Поначалу это обычное ученическое сочинение, пересказывающее экскурсоводческие байки, сочинение, подчас удручающее примитивностью мышления и полным незнанием истории… Приведем лишь некоторые строки из него: «Многое изменилось благодаря Великой Октябрьской революции. Монастырь, бывший очагом насилия и грабежа, превратился в рассадник культуры и грамотности среди населения. В заново отстроенных аудиториях зашумели первые студенты. Бывший тотемский собор превратился в городской кинотеатр, откуда беспрерывно доносится веселая музыка, наполняющая радостью сердца новой молодежи!» Но где-то к середине сочинения Рубцов вдруг оставляет тон разбитного экскурсовода и начинает писать о своем детстве. Вначале, сбиваясь на уже заданный тон: «Иначе и нельзя! Ведь в их среде протекало мое беззаботное, счастливое, незабываемое детство…», но с каждым словом все искреннее и увлеченнее…

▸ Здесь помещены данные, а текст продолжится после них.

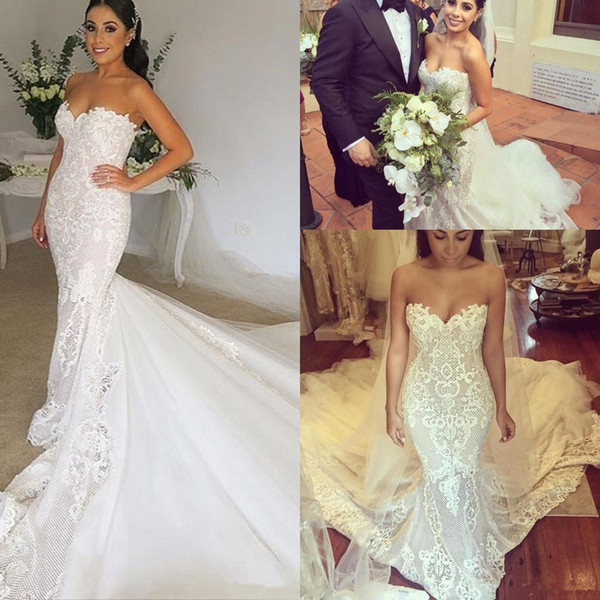 New Luxury robe de marriage Mermaid Wedding Dresses Sweetheart Lace Applique Beaded Saudi Arabic Plus Size Bridal Gowns Chapel Train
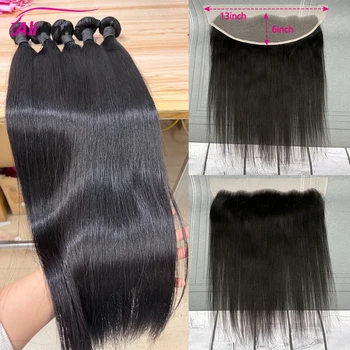 Extension e Ciocche di Capelli Umani Lisci 13x4 13x6 HD Lace Frontal, Offerte Bundle di Capelli Umani al 100% con Chiusura, Capelli Brasiliani per Donna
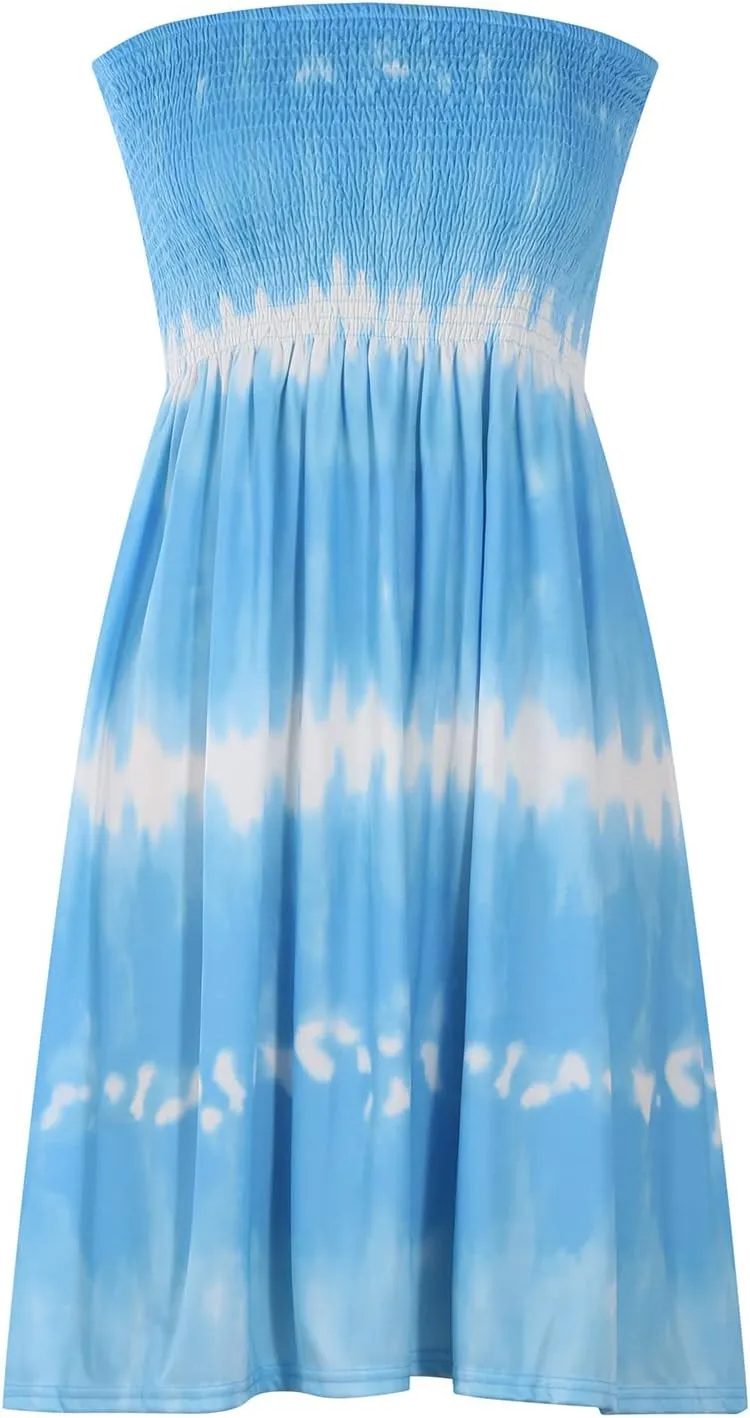 Tube Top Dress Women 2024 Sexy Boho Floral Print Sleeveless Short Sundress Elastic Waist Strapless Beach Mini Dress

«Хорошо в зимнее время, распахнув полы пальто, мчаться с горы навстречу обжигающему лицо ветру; хорошо в летнее время искупаться в прохладной воде, веселой при солнечном свете речки, хорошо бегать до безумия, играть, кувыркаться. А все-таки лучше всего проводить летние вечера в лесу у костра, пламя которого прорывает сгущающуюся темноту наступающего вечера, освещая черные неподвижные тени, падающие от деревьев, кажущихся какими-то таинственными существами среди окружающей тишины и мрака…»

И чем дальше, тем несовместимее сочетание детских слов и оборотов: «играть… кувыркаться…» с точными, свидетельствующими о духовной зрелости и художническом видении мазками: «веселой при солнечном свете» речкой, «черными неподвижными тенями».

Еще более удивительно, как безбоязненно открывается пятнадцатилетний детдомовец, описывая «темные тотемские ночи». Как бы переходя на рассказ о друге детства, Рубцов пытается написать свой автопортрет: «Обычно безудержно веселый, жизнерадостный, он становится порою непонятным для меня, сидит где-нибудь один, думает, думает и вдруг?.. на таких всегда веселых, полных жизнеутверждающей силы глазах показываются слезы!» (Этот «автопортрет» совпадает с тем, что рассказывает о Рубцове Л. С. Тугарина: «А Коля Рубцов ласковый был. У него кличка такая была — любимчик. Но ему что-то безразлично это было. Часто задумчивый сидел». То же самое и в воспоминаниях А. И. Корюкиной: «В детском доме Колю любили все… Он был ласков сам и любил ласку, был легко раним и при малейшей обиде плакал…»)

А дальше, уже забывая о том, что он начал рассказ в третьем лице, как бы о своем друге, Рубцов прямо пишет о том тайном, что мучило его детдомовскими ночами. Страх в этом удивительном сочинении персонифицирован с медведем, превращающимся то в директора школы, то в свирепого хищника…

«Может быть, все это покажется невероятным, но представьте себе, как часто такие истории и им подобные видел я во сне в те же темные тотемские ночи, засыпая под заунывную песню ветра, свистящего в трубе».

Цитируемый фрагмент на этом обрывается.